As anyone familiar with Thor's hammer Mjolnir knows, sometimes the line between tool and weapon can be mighty thin. So when researchers unearthed a collection of smooth round stones at the Cave of Hearths in South Africa's Makapan Valley nearly 30 years ago, they were a bit puzzled. Were they tools or weapons? The prevailing theory has been the former, but new research provides evidence that the rocks were more likely projectiles than pounders.

To come to their conclusion, a group of kinesiologists, archaeologists and psychologists from Indiana University Bloomington (IU) and the University of Liverpool worked together to analyze 55 of the stones, which are about the size of tennis balls and estimated to be between 1.8 million and 70,000 years old.

To those stones, they applied a theoretical model developed by the Perception/Action Lab at IU, directed by Geoffrey Bingham. Part of that model includes "judging an object's throwing affordance, which is the selection of the best object in terms of size, weight and shape for throwing at maximum distance, speed and damage."

Their results showed that 81 percent of the rocks were ideal for hitting a target at a 25-m (82-ft) distance and inflicting the most amount of damage.

The archeological site in South Africa's Makapan Valley(Credit: Judy Maguire)

The team also simulated how the rocks would fly if thrown by an expert, and what kind of damage they could inflict on an impala.
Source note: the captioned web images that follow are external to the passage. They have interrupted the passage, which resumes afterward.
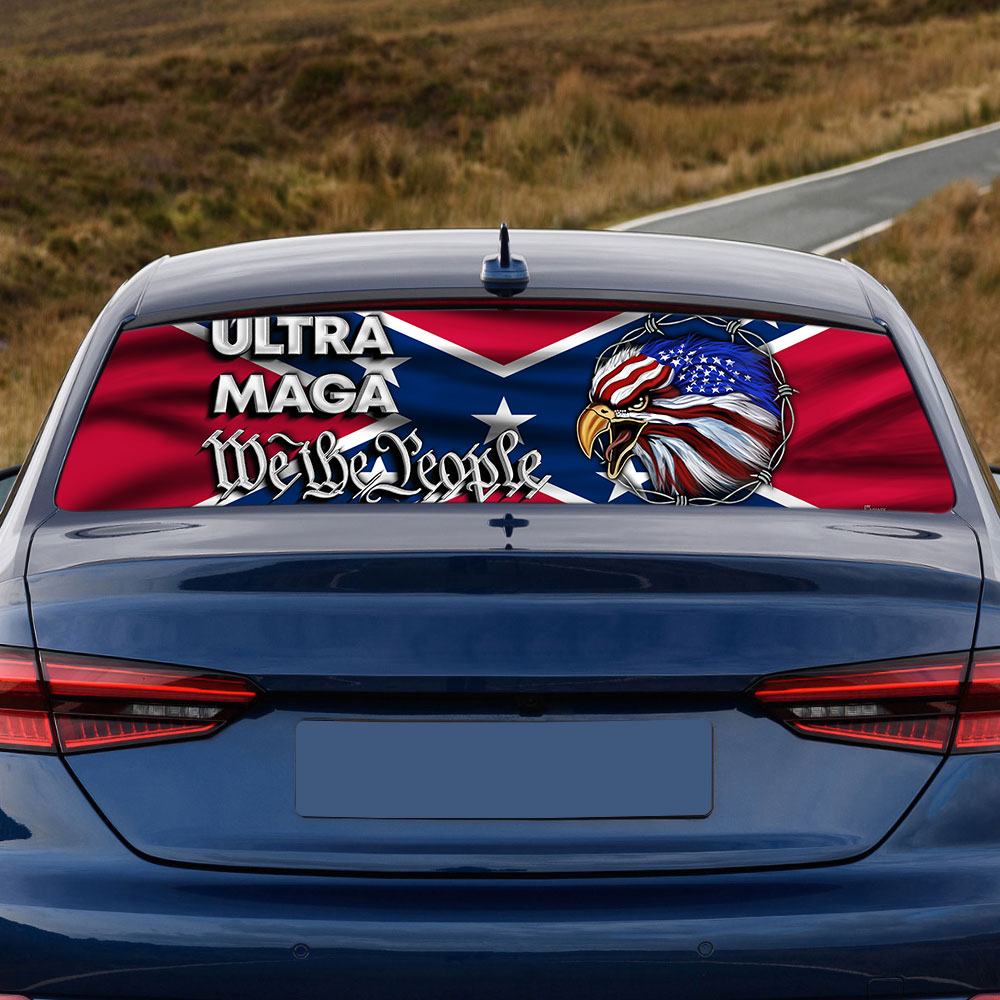 Ultra MAGA Rear Window Decal We The People Southern Confederate TQN145CDv1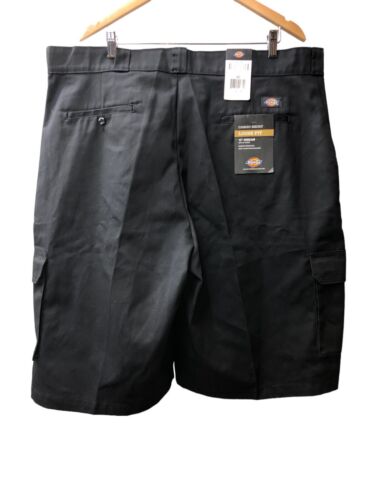 Dickies Cargo Short Loose Fit Black Size 42 Classic with Front Back Cargo Pocket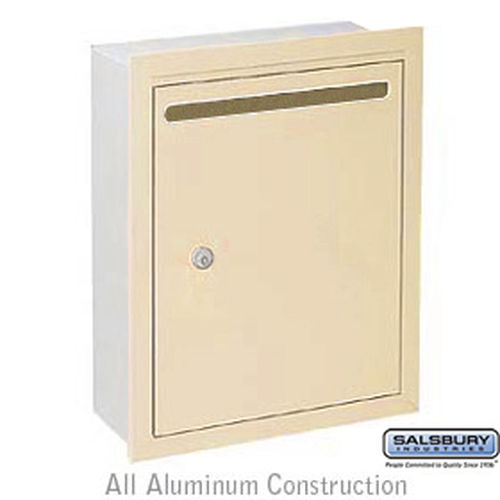 Letter Box (Includes Commercial Lock) - Standard - Recessed Mounted - Sandstone - Private Access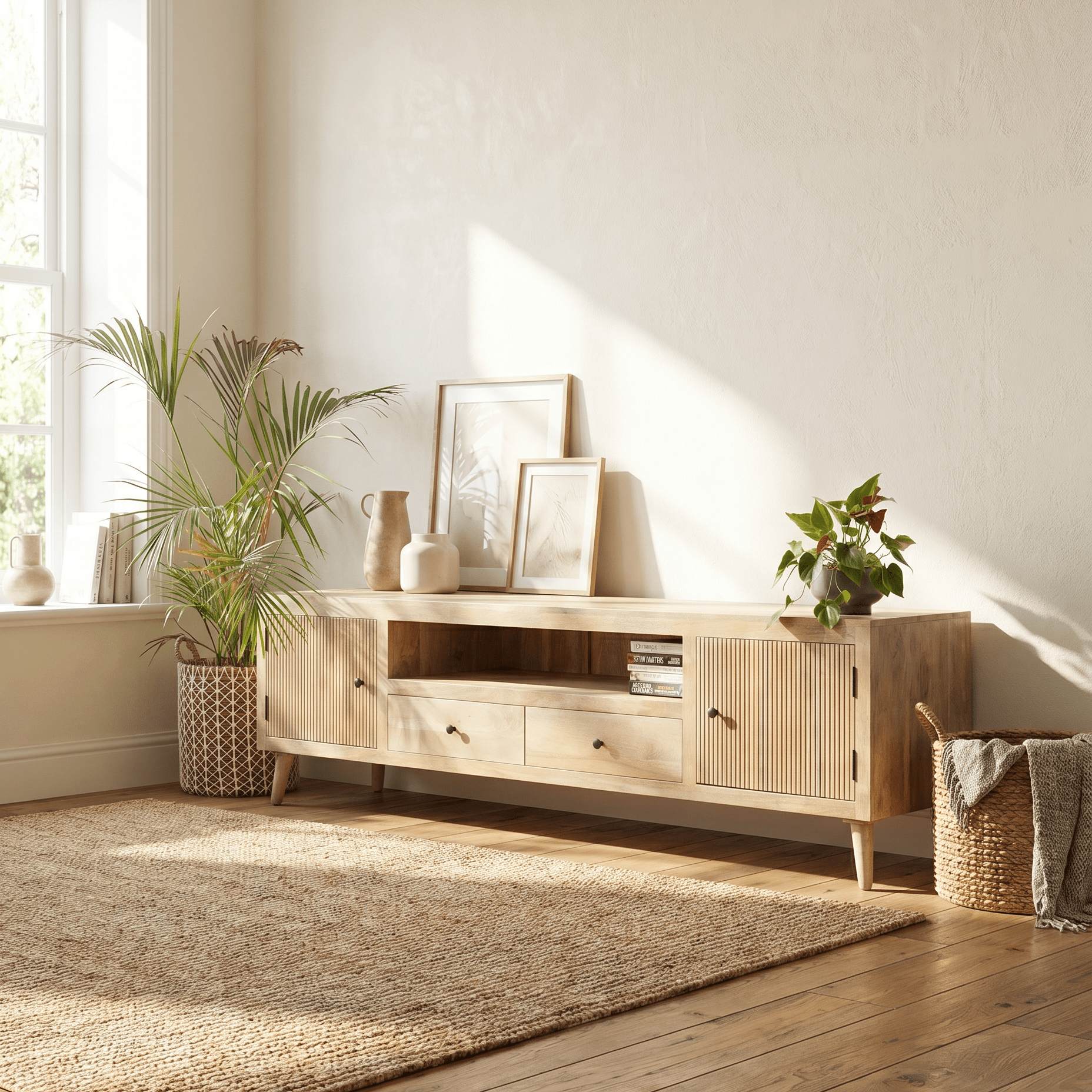 LUWIN LINNING TV STAND - Art and craft furniture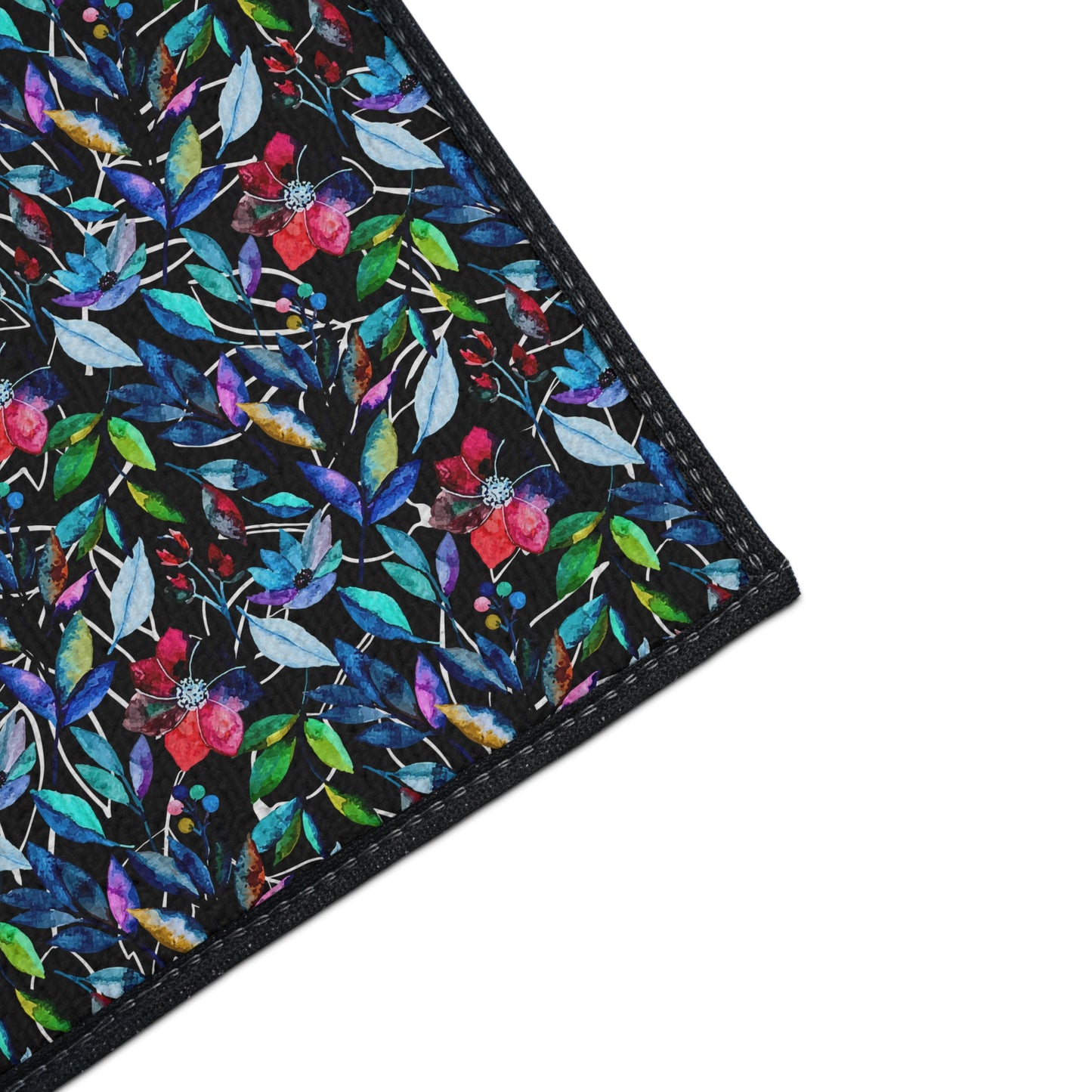 Once Upon a Forest Leaves Heavy Duty Floor Mat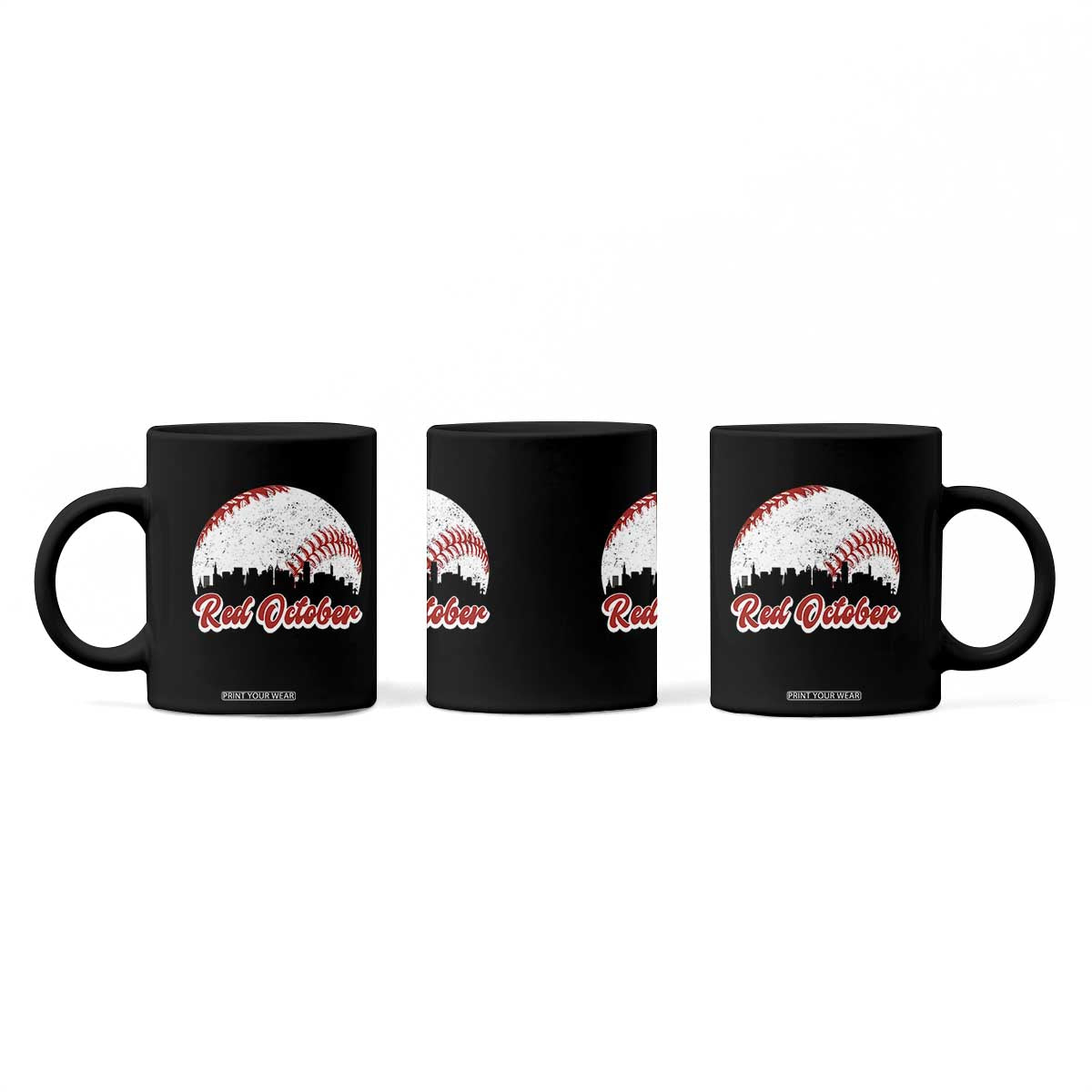 Vintage Red October Coffee Mug Philadelphia Skyline Retro Philly Cityscape TS10 Print Your Wear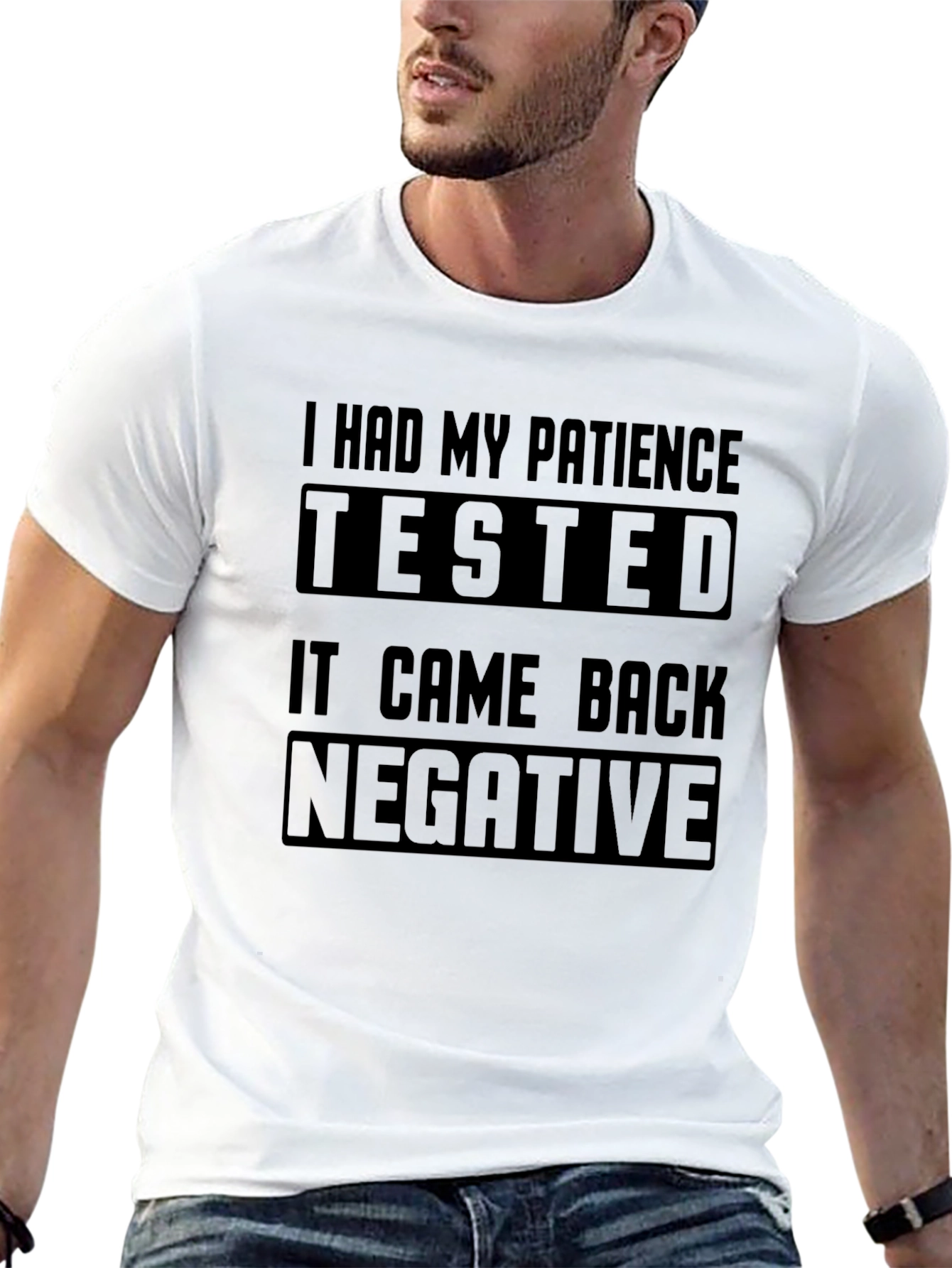 Humorous Patience Tested Black T-Shirt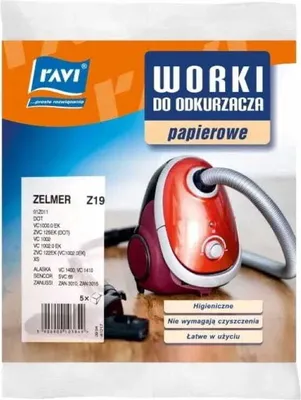 Zdjęcie produktu dla Zelmer 5 papierowych worków do odkurzacza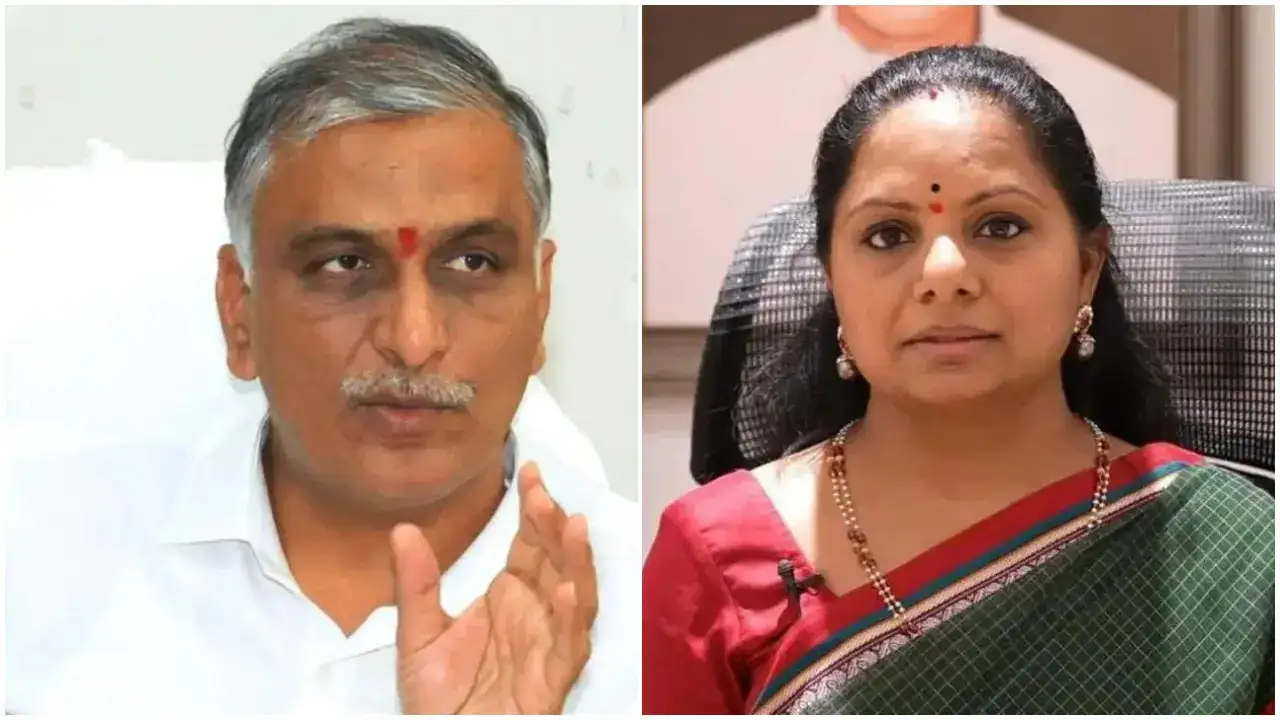 కవిత పేరు ఎత్తడానికి హరీష్ కు ఇష్టం లేదా?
The researchers chose that animal because it was found in abundance in the Cave of Hearths excavation site.

"None of the spheroids could kill an impala, but most of them would inflict significant damage if they hit, even at maximum distance," the researchers conclude in a paper detailing their work in the journal Scientific Reports. "The disabled animal could then be dispatched with a suitable weapon (eg, club, spear, stone) or run to death through blood loss and exhaustion, and of course multiple spheroids could be thrown at the animal as well."

The research analyzed such criteria as stone weight, throwing height and angle, release velocity, impact velocity, and the diameter of impact on the animal's torso.

According to a IU report on the research, Bingham says that the human shoulder joint and our ability to perceive distances makes us uniquely equipped to throw things at objects about 20-30 m (66-98 ft) away, which is just over the 60-ft (18-m) distance that exists from a pitcher's mound to home plate in a baseball stadium.

"Humans are the only animals – the only primates even – with that talent," Bingham said. "We can throw something to hit something else – like a quarterback throwing to the running back all the way down the field. That's how in large measure we survived the ice ages. The available food was largely on hoof, or it was 'mega-fauna,' such as a mammoth. You don't want to get close to them."

"The ability to throw great distances was not a small thing," he added. "It was how we got lunch."